# Brown Snake eats Orange-Naped Snake



## FNQ_Snake (Jun 23, 2008)

*Published: *23 Jun 08 
*Source: * www.News.com.au

A Brown snake eating a brown snake. Makes for an interesting read. Sorry if this has already been posted.

http://www.news.com.au/story/0,23599,23888320-13762,00.html


----------



## fuegan13 (Jun 23, 2008)

dude its not a brown eating a brown.... its a brown eatting an orange naped snake.. .clearly wasnt interesting enough for you to read it properly


----------



## FNQ_Snake (Jun 23, 2008)

fuegan13 said:


> dude its not a brown eating a brown.... its a brown eatting an orange naped snake.. .clearly wasnt interesting enough for you to read it properly



What a nice comment mate. I got the heading right. Sorry if I was distracted. Oh, and you couldn't put this comment in a PM? Hope you feel better now that you have shown everyone your reading prowess.


----------



## fuegan13 (Jun 23, 2008)

wow... way to take offense when i'm merely pointing out a mistake so you can fix it...

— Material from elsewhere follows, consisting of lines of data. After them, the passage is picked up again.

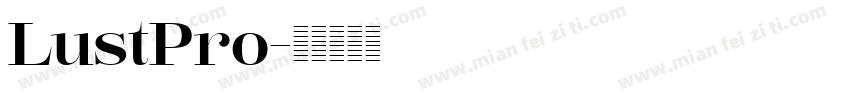 LustPro字体转换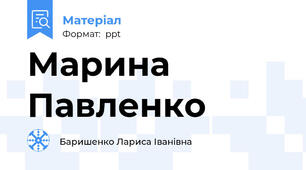 Марина Павленко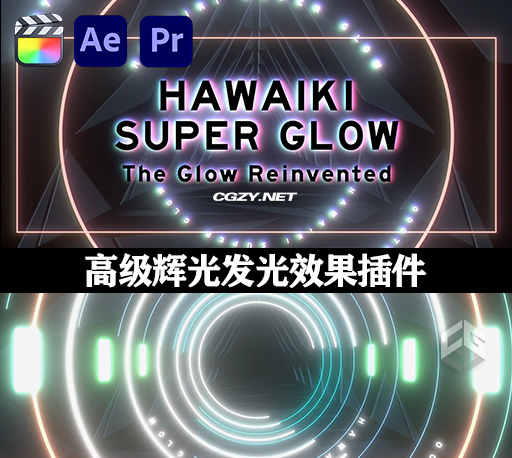 苹果AE/PR/FCPX插件|高级辉光发光效果工具 Hawaiki Super Glow 支持M1/M2 苹果AE/PR/FCPX插件|高级辉光发光效果工具 Hawaiki Super Glow 支持M1/M2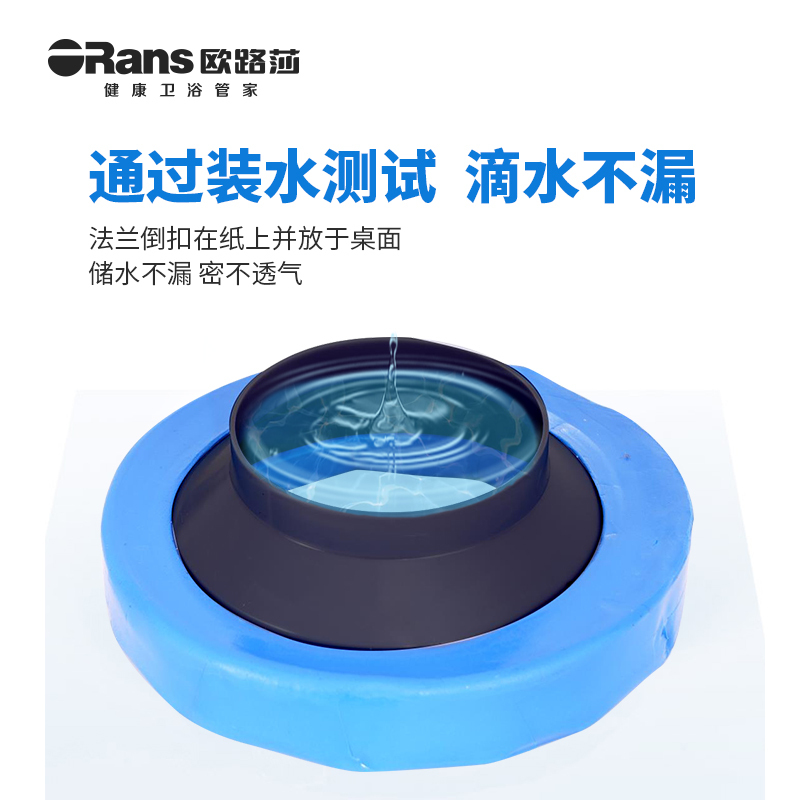 欧路莎马桶密封圈防臭法兰加厚马桶底座下水坐便器配件密封圈防臭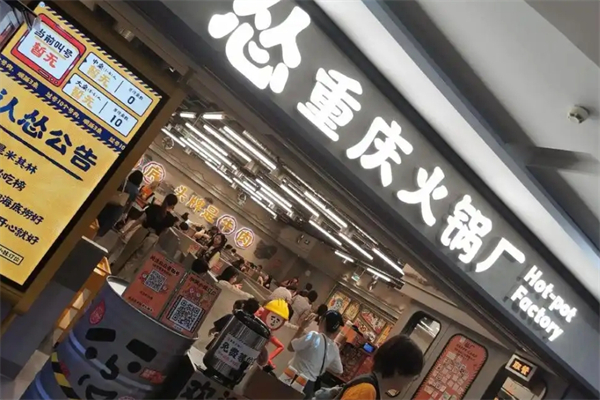 怂重庆火锅厂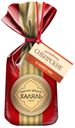 Пельмени «Мясной Дворик Халяль» Сибирские, 800 г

btw thanks for the arrogant young punk comment in your PM to me... i didn't PM you coz i don't feel the need to name call, and if i did i wouldn't be so much of a coward as to do it in a PM where noone else can see.. 

excuse me for being young and intelligent.


----------



## mebebrian (Jun 23, 2008)

now now kids...


----------



## colt08 (Jun 23, 2008)

hahhaha calm down alright it was mistake he was stating it u did say it kinda harshly though but everyone mistakes ok so chill not siding with anyone (fnq snakes 4 sure) jokes =)


----------



## fuegan13 (Jun 23, 2008)

ok fine i said it harshly i apologise for that but at the end of the day it was for the benefit of him so he knew he made a mistake and for the benefit of the people who would read the article... 

i still dont feel that i was being an arrogant young punk as he called me.

i make mistakes, everyone does, the only way you can learn from them is be knowing you have made one.


----------



## hydro noun15 (Jun 23, 2008)

but there is no need to tell someone they made a mistake so harshly. 
it was an easy mistake to make


----------



## FNQ_Snake (Jun 23, 2008)

Wah wah wah. Someone call the WAH-mbulance.

LOL

I got over it about 2 minutes after I sent the PM. Ha ha. Funny how things are taken.


----------



## FNQ_Snake (Jun 23, 2008)

mebebrian said:


> now now kids...



Sorry dad... LOL :lol:


----------



## mebebrian (Jun 23, 2008)

As you should be, now play nice


----------



## colt08 (Jun 23, 2008)

everyone over it soon as read this say yes if agree if no im outys


----------



## colt08 (Jun 23, 2008)

if dont get wat i mean are you to over it yes or no if yes grats if no goodbye


----------



## FNQ_Snake (Jun 23, 2008)

Yes colt, like a bridge over water.


----------



## Sturdy (Feb 1, 2009)

wonder what the lady means as "husband got rid of it"


----------



## Sdaji (Feb 1, 2009)

:lol:

/me hands out popcorn


----------



## MrsDragonLady (Apr 24, 2009)

Hi FNQ_Snake, read the article then clicked on - Read the full story at the _Northern Territory News_. beneath. It mention 'NT snake wrangler Chris Peberdy ' I am assuming that may answer Sturdy's 'wonder what the lady means as "husband got rid of it" '. Under the _Northern Territory News'_ story they also have a few 'Related Articles' that may be interesting reading for some of you. 
OK just saw when this thread was first posted BUT I am going to post my reply anyway!  :cry: :lol:


----------